“Genius draws no color lines.”
In 1939 US Secretary of the Interior Harold Ickes said those words as he welcomed renowned contralto Marian Anderson to the steps of the Lincoln Memorial. Her performance was profound: Anderson stepped onto the stage after having been prevented from singing at Constitution Hall, a venue which allowed white performers only. Still, her genius moved thousands that day; to watch the performance now sends a chill down my spine.
The story of Anderson’s performance and Ickes’s words embody something I think about often, not only as an opera enthusiast, but also as a human and a father – and as a CEO in an industry that continues to struggle with diversity.
As businesspeople, we know that when we can bring to the table a wide spectrum of backgrounds, perspectives, and thoughts, our work benefits. But as we move to fill the talent pipeline with colleagues who represent a variety of cultures, genders, religions, and sexual orientations, there is still more each of us can do.
I am reminded of another quote: “Diversity is a reality; inclusion is a choice,” attributed to Stephen Frost, author of The Inclusion Imperative: How Real Inclusion Creates Better Business and Builds Better Societies.
What I believe Frost is saying is that every minute of every day, each of us can make the decision to be inclusive. It is an action each of us can take to ensure the people around us feel seen, accepted, and valued.
Of course, it is not always simple. I remember a time early in my career when I was visiting South Africa and invited an extremely smart and successful friend out to dinner. She had grown up during apartheid, and she was of Indian descent. I chose a restaurant popular among the business crowd and was shocked when she explained that the environment would not be welcoming to her, and therefore she would not be comfortable meeting there for a meal.

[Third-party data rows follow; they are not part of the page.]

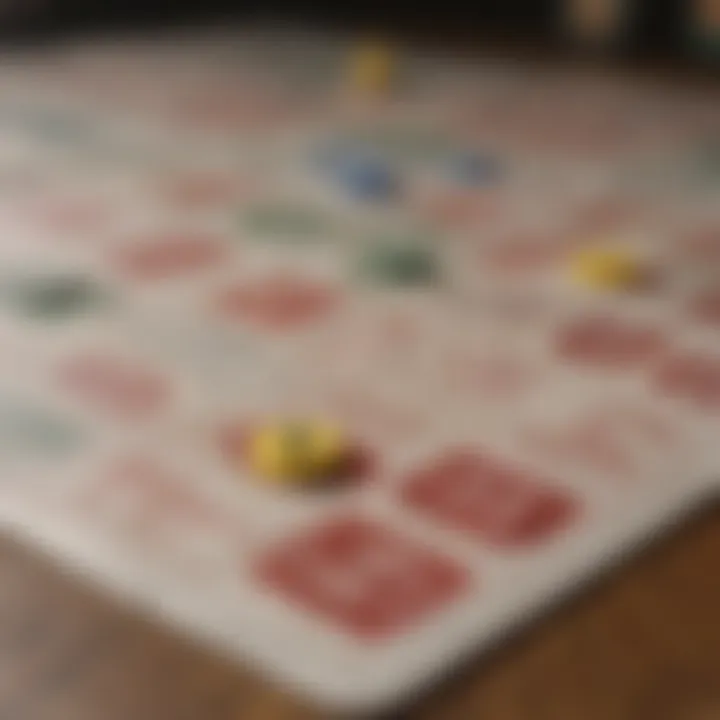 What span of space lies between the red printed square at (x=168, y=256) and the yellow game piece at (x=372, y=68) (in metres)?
0.77

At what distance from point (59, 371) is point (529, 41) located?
1690 millimetres

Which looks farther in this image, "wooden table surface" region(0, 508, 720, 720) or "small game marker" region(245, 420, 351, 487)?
"small game marker" region(245, 420, 351, 487)

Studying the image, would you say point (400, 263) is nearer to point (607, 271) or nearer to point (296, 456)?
point (607, 271)

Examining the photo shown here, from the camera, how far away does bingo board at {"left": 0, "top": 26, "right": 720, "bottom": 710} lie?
0.87 meters

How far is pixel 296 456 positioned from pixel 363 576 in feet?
0.46

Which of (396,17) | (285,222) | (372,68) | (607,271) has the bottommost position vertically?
(396,17)

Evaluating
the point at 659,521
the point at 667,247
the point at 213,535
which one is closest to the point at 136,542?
the point at 213,535

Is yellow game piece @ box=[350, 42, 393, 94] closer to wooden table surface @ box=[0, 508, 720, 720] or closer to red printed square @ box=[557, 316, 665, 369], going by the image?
red printed square @ box=[557, 316, 665, 369]

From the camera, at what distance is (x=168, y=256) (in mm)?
1449

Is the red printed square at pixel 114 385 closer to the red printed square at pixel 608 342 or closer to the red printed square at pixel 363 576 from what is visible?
the red printed square at pixel 363 576

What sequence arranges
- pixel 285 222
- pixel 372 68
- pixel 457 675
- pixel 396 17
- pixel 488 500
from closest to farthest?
pixel 457 675
pixel 488 500
pixel 285 222
pixel 372 68
pixel 396 17

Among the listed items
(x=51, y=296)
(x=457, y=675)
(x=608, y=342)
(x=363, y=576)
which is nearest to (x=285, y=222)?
(x=51, y=296)

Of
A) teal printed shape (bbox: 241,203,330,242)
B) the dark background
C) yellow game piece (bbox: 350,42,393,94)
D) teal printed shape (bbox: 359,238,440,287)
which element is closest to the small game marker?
teal printed shape (bbox: 359,238,440,287)

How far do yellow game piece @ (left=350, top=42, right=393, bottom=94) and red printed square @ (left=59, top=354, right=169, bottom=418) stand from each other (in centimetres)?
112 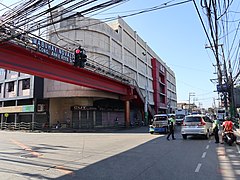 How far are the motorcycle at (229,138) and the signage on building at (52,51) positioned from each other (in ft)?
51.0

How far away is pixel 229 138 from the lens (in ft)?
44.0

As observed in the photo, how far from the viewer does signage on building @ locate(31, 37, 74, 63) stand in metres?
19.7

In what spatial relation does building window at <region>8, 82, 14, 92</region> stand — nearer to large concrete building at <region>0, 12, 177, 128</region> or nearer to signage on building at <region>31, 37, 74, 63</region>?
large concrete building at <region>0, 12, 177, 128</region>

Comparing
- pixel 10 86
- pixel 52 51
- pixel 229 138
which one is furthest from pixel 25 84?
pixel 229 138

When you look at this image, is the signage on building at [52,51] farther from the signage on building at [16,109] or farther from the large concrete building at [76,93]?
the signage on building at [16,109]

I felt terrible for my oversight, and I was grateful for her compassion in recognizing the good intentions behind my invitation. But I learned an important lesson that day: It is not enough to focus on what you think is appropriate; to truly be inclusive, you must put yourself in someone else’s shoes and honestly consider their feelings. It is the argument for replacing the Golden Rule (“Do unto others as you would have them do unto you”) with the Platinum Rule (“Do unto others as they would want done to them”).
A recently published study by Harvard Business Review sheds light on this disconnect. More than 16,000 employees in 14 countries were surveyed about diversity and inclusion in the workplace, and the findings were telling. From the report: “Half of all diverse employees stated that they see bias as part of their day-to-day work experience. … By contrast, white heterosexual males, who tend to dominate the leadership ranks, were 13 percentage points more likely to say that the day-to-day experience and major decisions are free of bias.”

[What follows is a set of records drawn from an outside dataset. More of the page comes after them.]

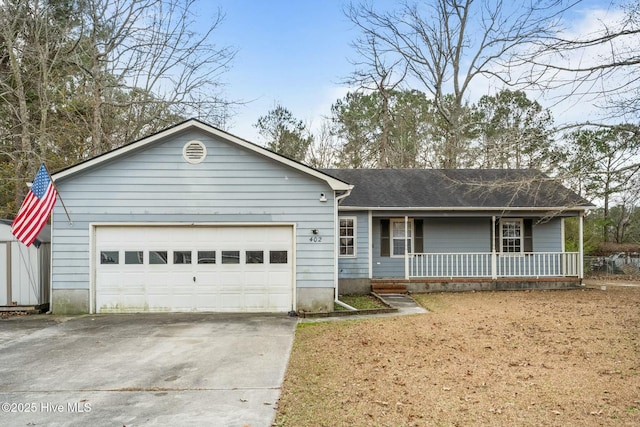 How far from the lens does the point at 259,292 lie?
36.4ft

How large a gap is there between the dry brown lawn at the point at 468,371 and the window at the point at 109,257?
16.8 ft

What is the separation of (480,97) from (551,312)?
1869 cm

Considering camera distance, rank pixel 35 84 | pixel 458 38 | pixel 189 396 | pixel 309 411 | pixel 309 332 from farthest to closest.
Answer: pixel 458 38 → pixel 35 84 → pixel 309 332 → pixel 189 396 → pixel 309 411

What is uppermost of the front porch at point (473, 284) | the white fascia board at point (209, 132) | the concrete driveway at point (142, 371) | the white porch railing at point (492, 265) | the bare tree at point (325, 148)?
the bare tree at point (325, 148)

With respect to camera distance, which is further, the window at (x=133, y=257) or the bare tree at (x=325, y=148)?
the bare tree at (x=325, y=148)

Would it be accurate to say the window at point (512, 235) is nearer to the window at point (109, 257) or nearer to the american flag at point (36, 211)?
the window at point (109, 257)

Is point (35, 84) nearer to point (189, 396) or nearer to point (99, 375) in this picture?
point (99, 375)

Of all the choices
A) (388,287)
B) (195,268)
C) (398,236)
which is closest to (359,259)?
(388,287)

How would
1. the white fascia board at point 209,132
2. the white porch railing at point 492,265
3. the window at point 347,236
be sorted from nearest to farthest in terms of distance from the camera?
the white fascia board at point 209,132 < the window at point 347,236 < the white porch railing at point 492,265

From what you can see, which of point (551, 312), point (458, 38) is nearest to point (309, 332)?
point (551, 312)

How then do we begin to solve this problem and foster a more inclusive environment? Empathy needs to become the guiding principle. At the same time, we must recognize that we all have unconscious biases, and we must be brave enough to confront them within ourselves.
For me, this is especially noticeable when traveling with my children, who are black. The interactions we encounter often vary. Much like my attempt at dinner in South Africa, these experiences have opened my eyes in ways which I may never have seen otherwise. It begs me to wonder what else I am missing.
But maybe that is the journey we are all on. We have come a long way since 1939. We have further to go.